- What you will do: Leaving out the pictures, output the lines from the one that contains "无人,竖图,室内,白天,正面" through the end of the material, exactly as they stand.

Segment Start: Data for the task

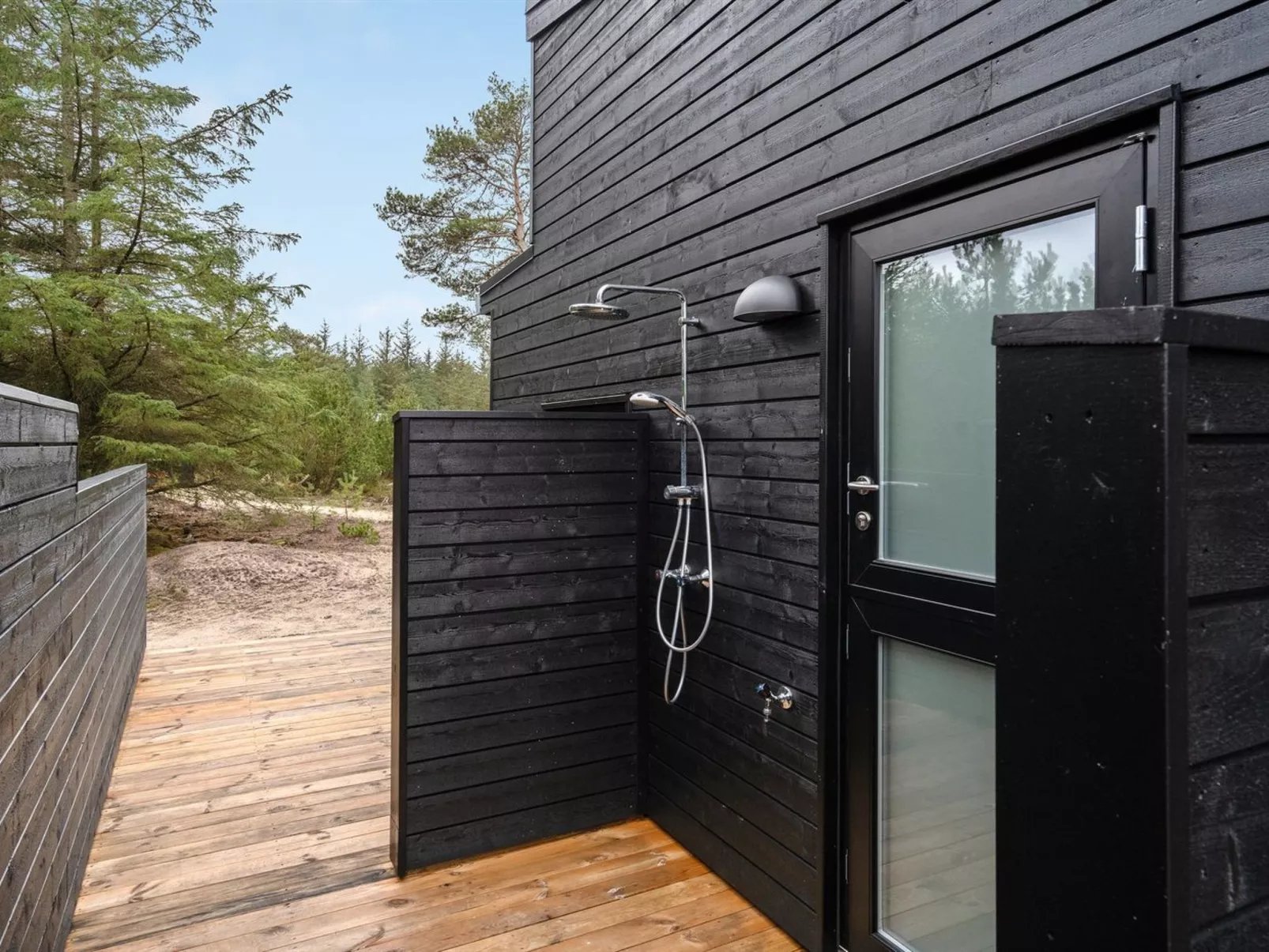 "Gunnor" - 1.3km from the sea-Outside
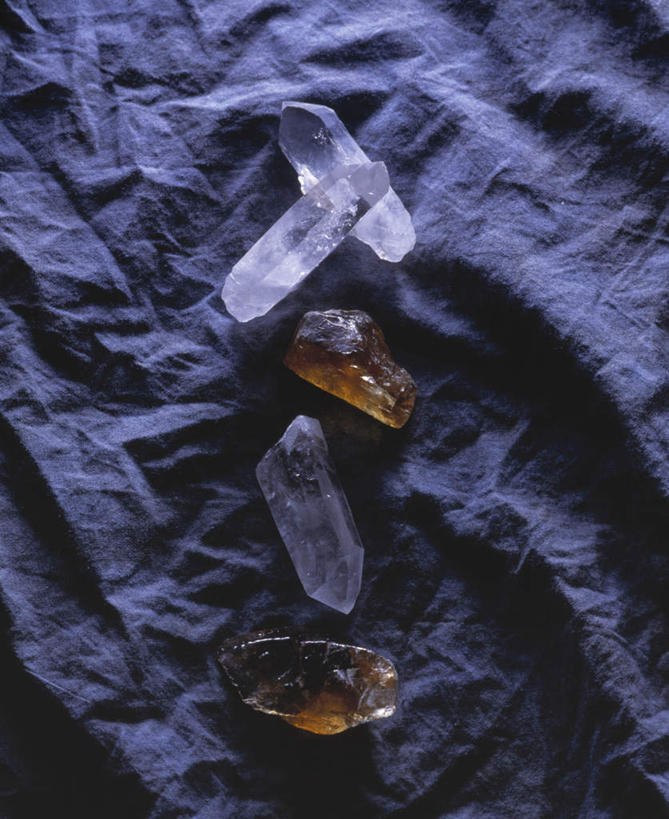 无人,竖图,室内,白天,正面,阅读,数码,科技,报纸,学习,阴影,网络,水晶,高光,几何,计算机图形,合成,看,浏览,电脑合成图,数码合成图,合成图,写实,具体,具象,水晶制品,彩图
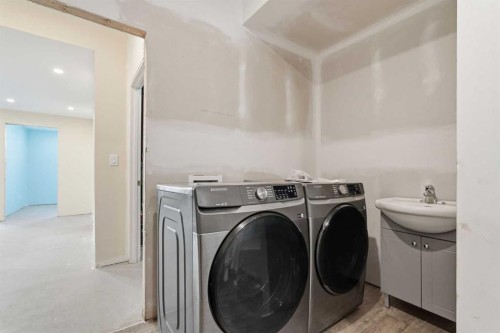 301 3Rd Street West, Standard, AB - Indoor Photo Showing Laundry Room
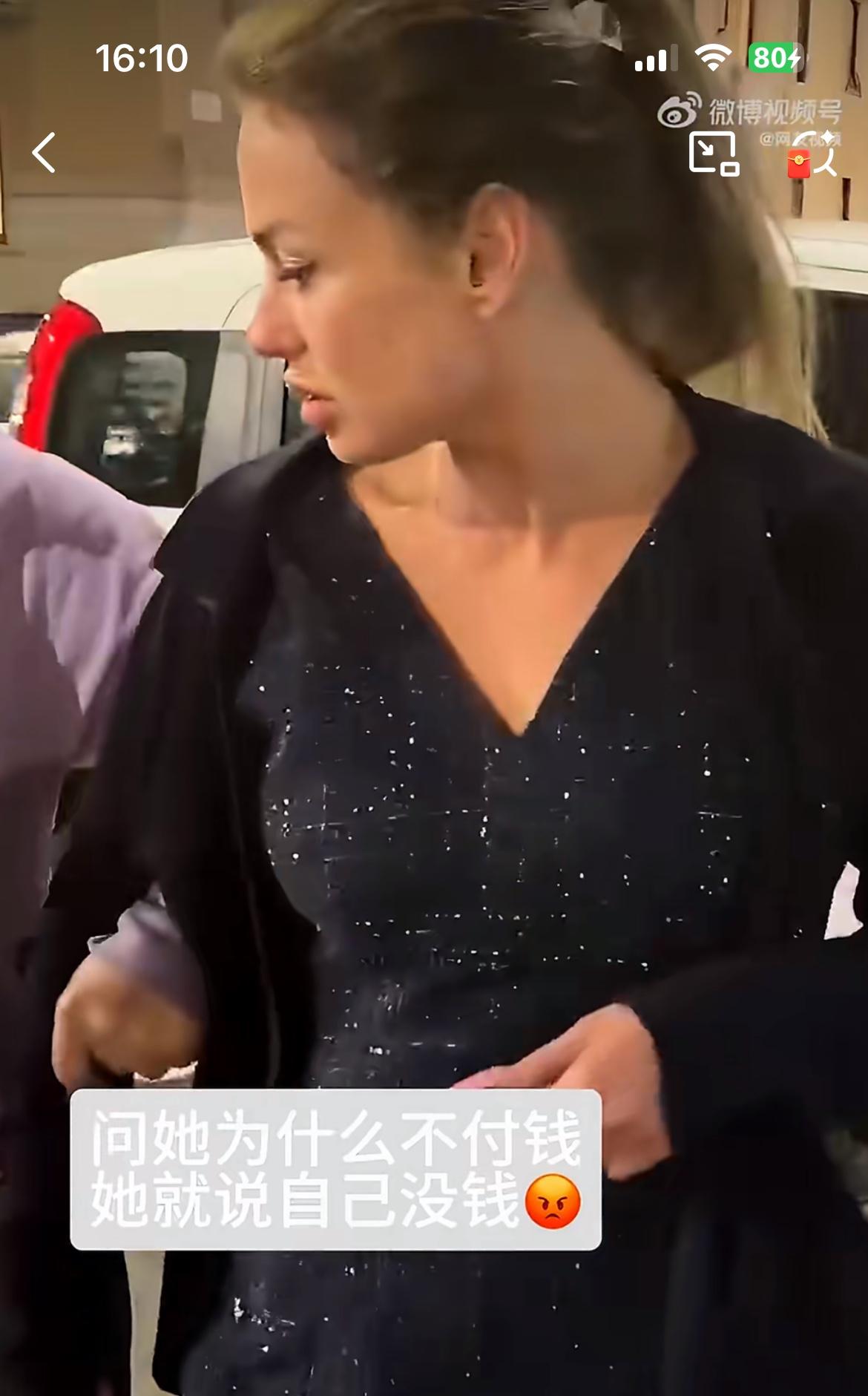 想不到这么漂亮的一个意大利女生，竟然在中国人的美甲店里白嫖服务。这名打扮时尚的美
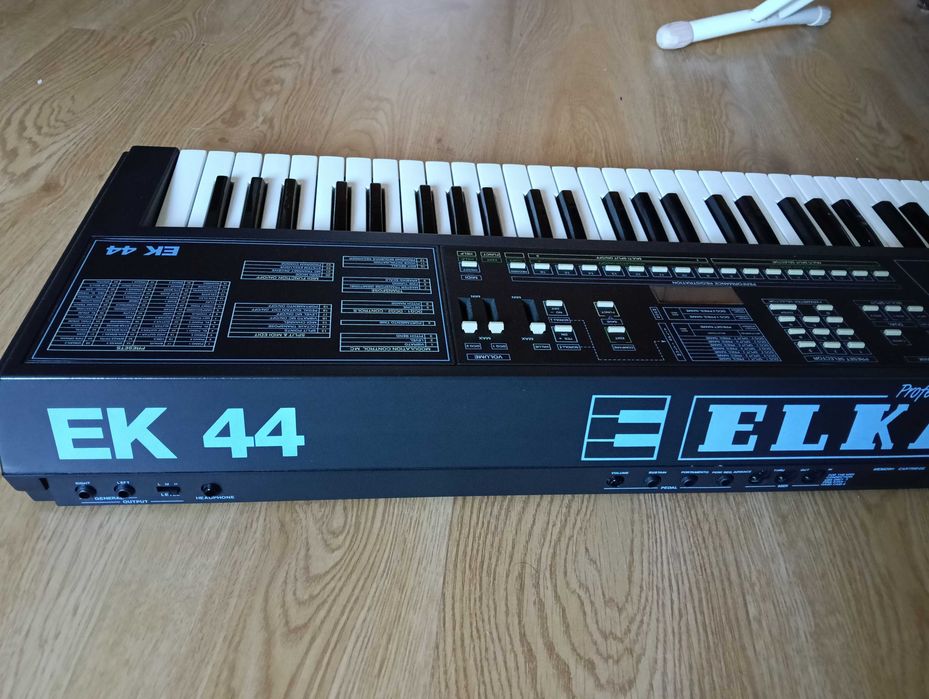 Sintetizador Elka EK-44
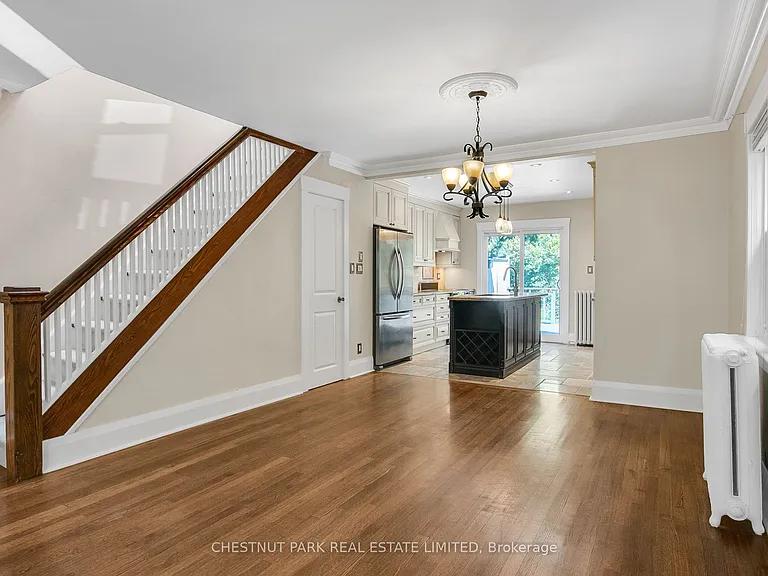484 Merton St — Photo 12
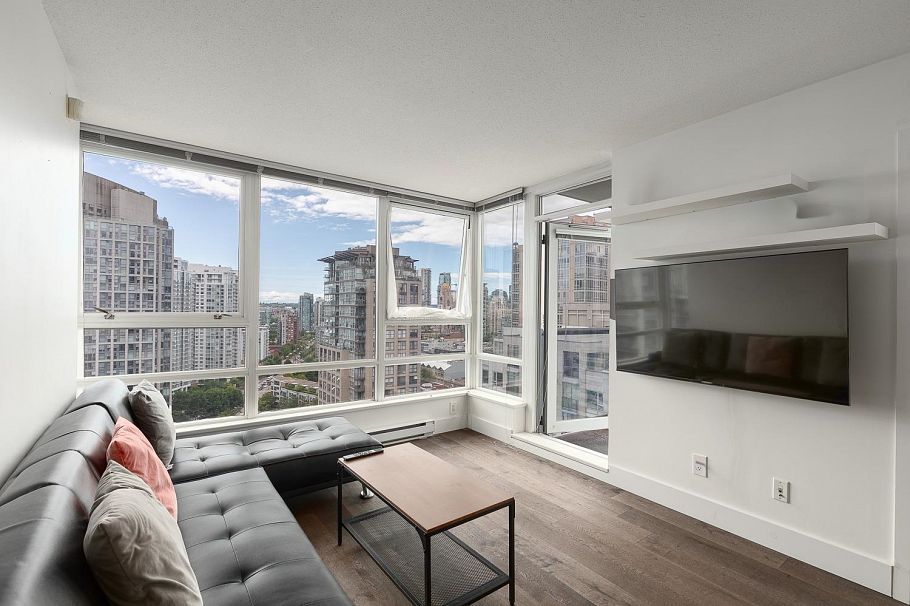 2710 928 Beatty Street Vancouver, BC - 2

Segment End: Data for the task

- Response for this exercise:
 无人,竖图,室内,白天,正面,阅读,数码,科技,报纸,学习,阴影,网络,水晶,高光,几何,计算机图形,合成,看,浏览,电脑合成图,数码合成图,合成图,写实,具体,具象,水晶制品,彩图
 301 3Rd Street West, Standard, AB - Indoor Photo Showing Laundry Room
 想不到这么漂亮的一个意大利女生，竟然在中国人的美甲店里白嫖服务。这名打扮时尚的美
 Sintetizador Elka EK-44
484 Merton St — Photo 12
 2710 928 Beatty Street Vancouver, BC - 2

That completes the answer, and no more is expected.